» **Data segment**:
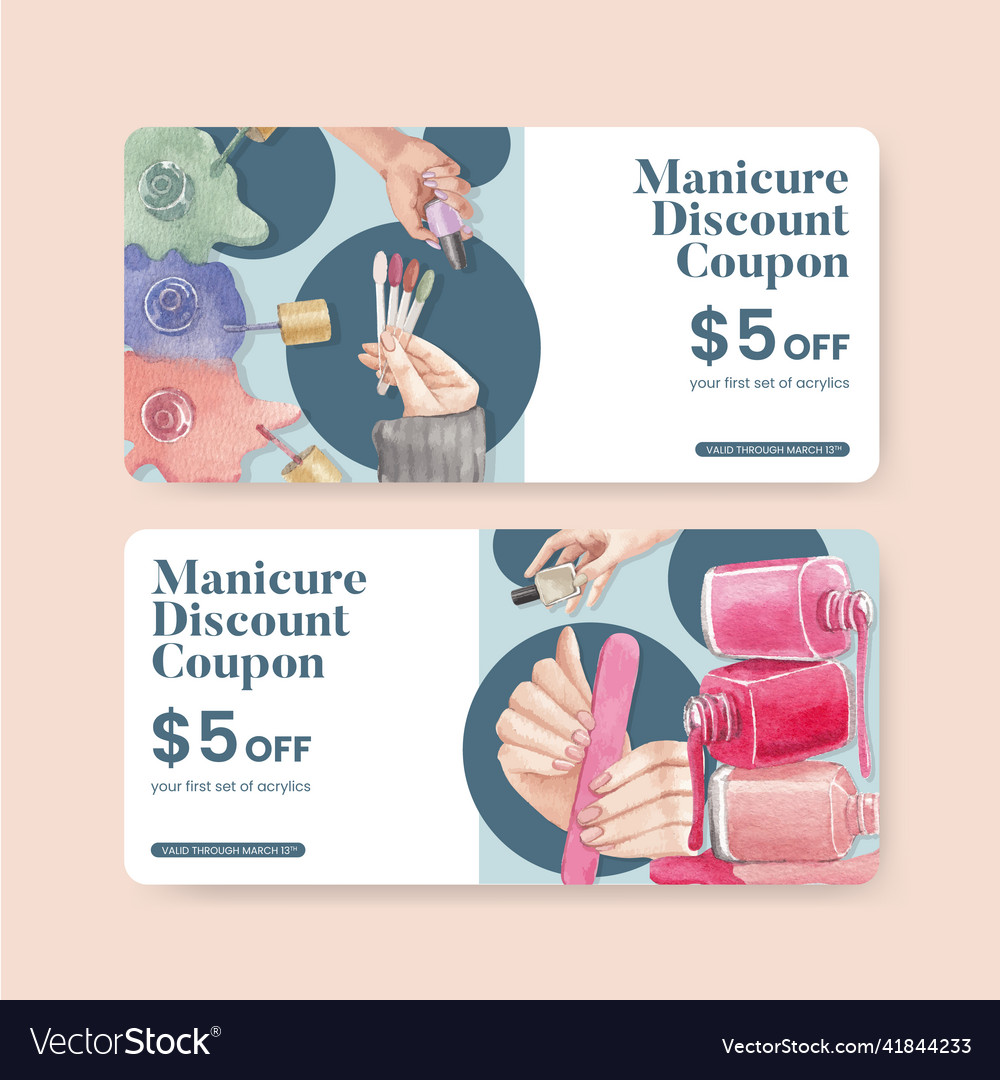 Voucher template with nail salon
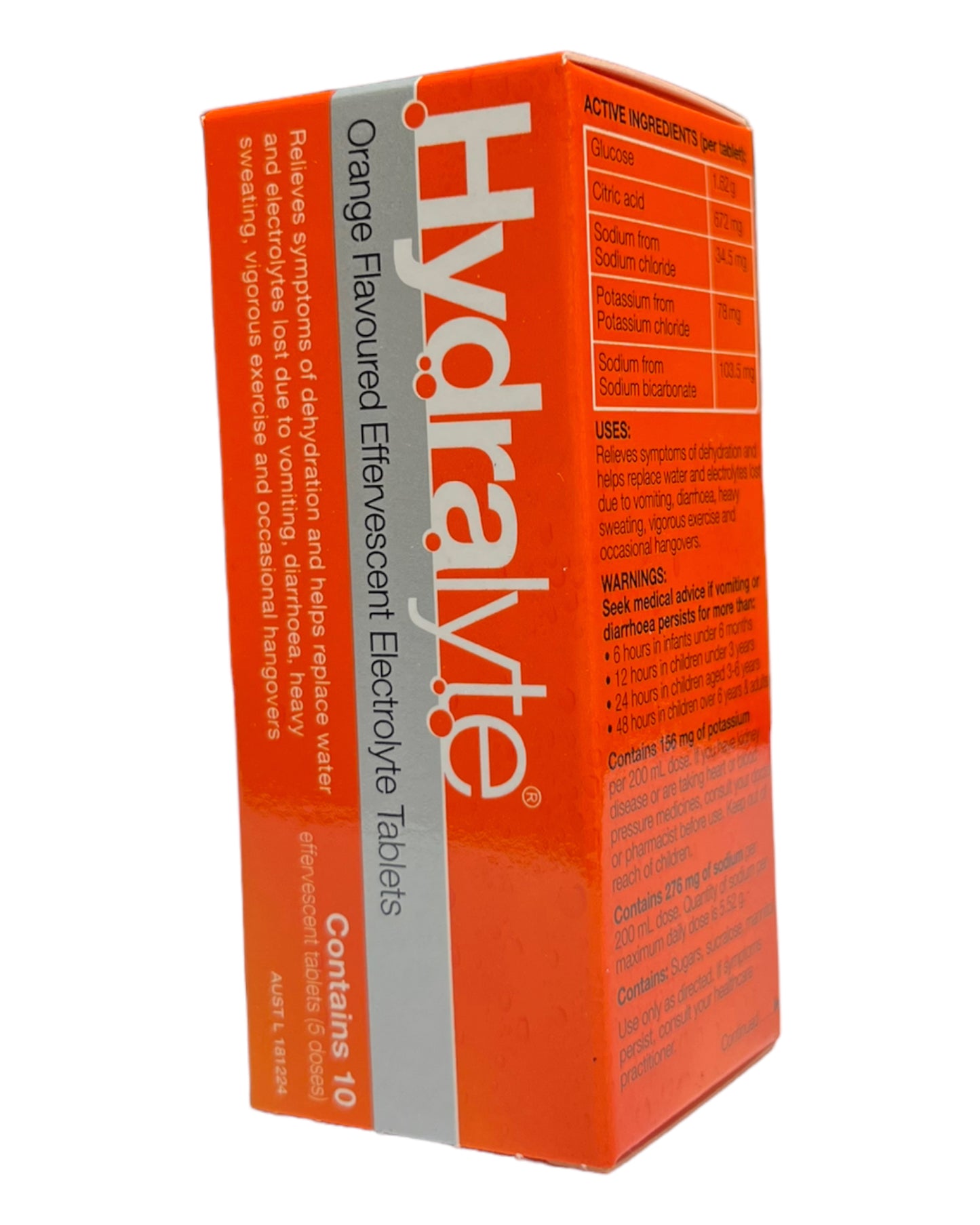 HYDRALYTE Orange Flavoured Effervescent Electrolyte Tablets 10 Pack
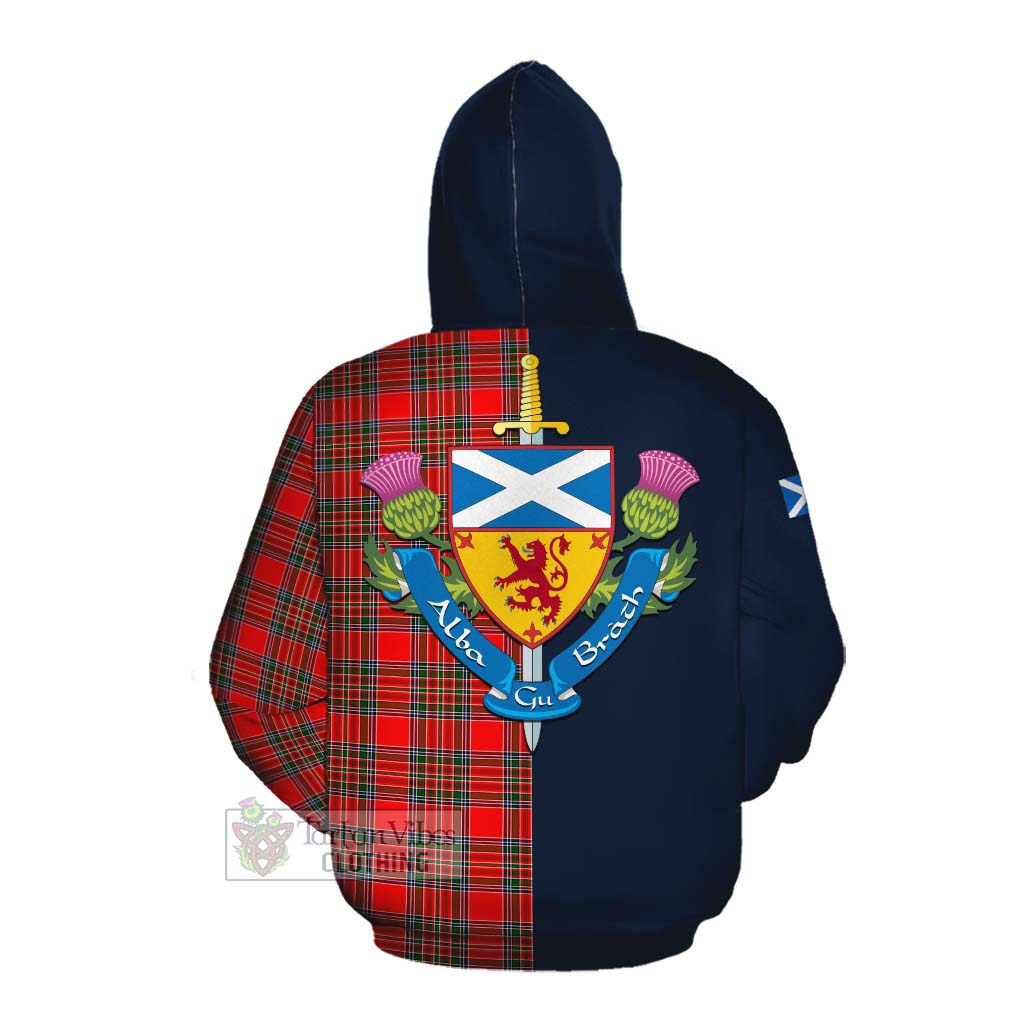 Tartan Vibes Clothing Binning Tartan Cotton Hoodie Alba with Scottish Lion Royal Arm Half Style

» **Exercise goal**: Please print the data above once more, exactly and without images.

» **Written response**:
 Voucher template with nail salon
 HYDRALYTE Orange Flavoured Effervescent Electrolyte Tablets 10 Pack
 Tartan Vibes Clothing Binning Tartan Cotton Hoodie Alba with Scottish Lion Royal Arm Half Style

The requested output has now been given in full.